Выход из него для Сосноры не в пересмешничестве и не в начертании схем лабиринта. Выход в том, чтобы до конца не терять «внутренней дрожи» художника, быть верным Гусю из его собственной Азбуки. Художественный пафос Сосноры в ее антиномичном строе, в антиномичности его «А» и «Б»:

                       Я сам в себе. Все остальное — Слово,
                       осмысленное, смертное, как Вещь.

        Вот в чем смысл его «Дидактической поэмы».
        Безысходность отгородила Соснору от нас шипами высокомерия, вручила ему высокую меру, по которой он судит действительность. Это мера суждений любимых им Достоевского и Цветаевой. На их темы поэт импровизирует без всякого пересмешничества:

                       Итак итог: созвездья всем ли врут?
                       Я рву билет и разрываю чек.
                       И если это человек вокруг,
                       я отрекаюсь, я — не человек.
                        («Гамлет»)

        Духовидчество Сосноры всемерно помогает освобождению от власти придушивших искусство мнений и догм, санкционированных неучами. Уверен: в недалеком будущем оно будет учтено славной все-таки историей нашей отечественной словесности.
        Оголтело-увлекательному безмыслию щекочущего нервы чтива, потрафляющего вкусам «широкого читателя» (и развращающего его дополнительно), кабацким стилизациям под «русскую старинушку», вульгарному прямоговорению охотно противоборствующих рядов пора все-таки противопоставить индивидуальный, незаимствованный эстетический поиск. Этот поиск непонятен — и не может быть понятен — до конца. Ибо о результатах не осведомлен и сам автор.
        Виктор Соснора, говоря об искусстве, склонен использовать образ сетей. Уподобление, кое-какому толкованию подлежащее: сети, пропуская ветер, все равно наполняются им и взмывают, как паруса. Таково же свойство его собственной поэзии: ее объемные, зримые строфы полны улетевшим к звездам неосязаемым содержанием.
        Конечные цели в искусстве неведомы, как и в жизни. Так что в этом смысле пленительная и раздражающая воображение связь искусства с жизнью просматривается. Однако и не больше того. Когда нам все станет ясно, поэзия умрет. Но именно поэзия и не допустит, чтобы нам все и навсегда стало ясно.

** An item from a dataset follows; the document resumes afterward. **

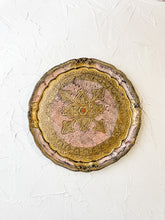 Load image into Gallery viewer, Vintage Round Gold + Pink Italian Florentine Tray
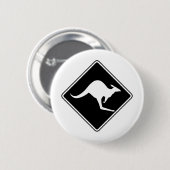 Wilder australischer Känguru BeutelRoo Silhouette Button (Vorne & Hinten)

________________________________________
1) Владимир Н о в и к о в, Диалог, М., 1986, с. 184.

2) Т а м ж е, с. 193.

3) Ср., например, у Георгия Иванова: «Мертвый проснется в могиле,/Черная давит доска...» Или взятое на эпиграф стихотворение Николая Асеева «Простоволосые ивы/Бросили руки в ручьи...».

4) Николай Федорович Ф е д о р о в, Сочинения, М., 1982, с. 561.

5) Яков Г о р д и н, Школа теней, или Воплощение невидимок (Заметки). — Виктор С о с н о р а, Возвращение к морю. Лирика, Л., 1989, с. 8.